You do NOT want to "reassure" her, or anything else of such an altruistic nature. You really want to find out if POSOM has been dealt with as harshly as you have (correctly) dealt with your FWW, right? You want justice to be served and have him suffer some cruel fate, even if that fate is to suffer the contempt of his now-informed BW!

The reasons I know this are two:

  • Because there really is no comfort you can provide to OMW. Are you going to tell her that all the sex OM got from your FWW could not REALLY have been that good for him, since your FWW says her heart wasn't in it?
  • Because I wanted the same revenge (as do ALL BHs)
Let it go.
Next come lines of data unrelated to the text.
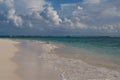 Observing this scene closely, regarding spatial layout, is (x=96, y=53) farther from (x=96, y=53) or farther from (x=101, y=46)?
(x=101, y=46)

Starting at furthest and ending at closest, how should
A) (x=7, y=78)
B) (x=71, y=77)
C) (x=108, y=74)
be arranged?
(x=108, y=74), (x=71, y=77), (x=7, y=78)

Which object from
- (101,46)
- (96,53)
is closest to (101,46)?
(101,46)

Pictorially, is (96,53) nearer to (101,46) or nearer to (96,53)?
(96,53)

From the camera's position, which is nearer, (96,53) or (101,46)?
(96,53)

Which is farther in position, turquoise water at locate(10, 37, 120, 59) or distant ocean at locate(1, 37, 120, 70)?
turquoise water at locate(10, 37, 120, 59)

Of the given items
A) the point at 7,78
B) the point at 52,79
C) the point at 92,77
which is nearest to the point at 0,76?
the point at 7,78

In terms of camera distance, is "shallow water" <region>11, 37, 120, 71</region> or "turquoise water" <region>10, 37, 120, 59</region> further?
"turquoise water" <region>10, 37, 120, 59</region>

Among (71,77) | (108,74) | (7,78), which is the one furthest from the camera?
(108,74)

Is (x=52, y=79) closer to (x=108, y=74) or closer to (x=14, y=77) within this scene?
(x=14, y=77)

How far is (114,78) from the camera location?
11.9 m

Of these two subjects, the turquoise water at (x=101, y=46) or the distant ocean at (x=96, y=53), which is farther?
the turquoise water at (x=101, y=46)

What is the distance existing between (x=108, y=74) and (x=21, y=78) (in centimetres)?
467

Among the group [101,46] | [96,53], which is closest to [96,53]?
[96,53]

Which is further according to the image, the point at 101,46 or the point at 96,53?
the point at 101,46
Do NOT text/phone/e-mail/telegraph/relay/sky-write/IM ANYTHING to that lady. You will set back your recovery (and since you would be doing it, it could be said you deserve it), but you'll also be setting back FWW's (and right now she neither needs, nor deserves, that).

I was going to say that the only purpose for the BS and the OPS to contact to expose the OPS, exchange info about the affair, and to verify NC if they suspect their spouse of falling off the wagon and breaking NC.

Out of those three reasons you have not stated the need to do any of these three. You have done all of this.

But I really like the way never guessed expressed what he believes was your motivation and how contacting OMW in your case is not helpful for anyone envolved.

Once a BS gets their WS to go NC they can suggest that the OPS use MB, but not tell their WS about it until they have had guidance from the pros here. The forum is here for support.

This is why not just NC for the affair partners, but for their spouses and children as well.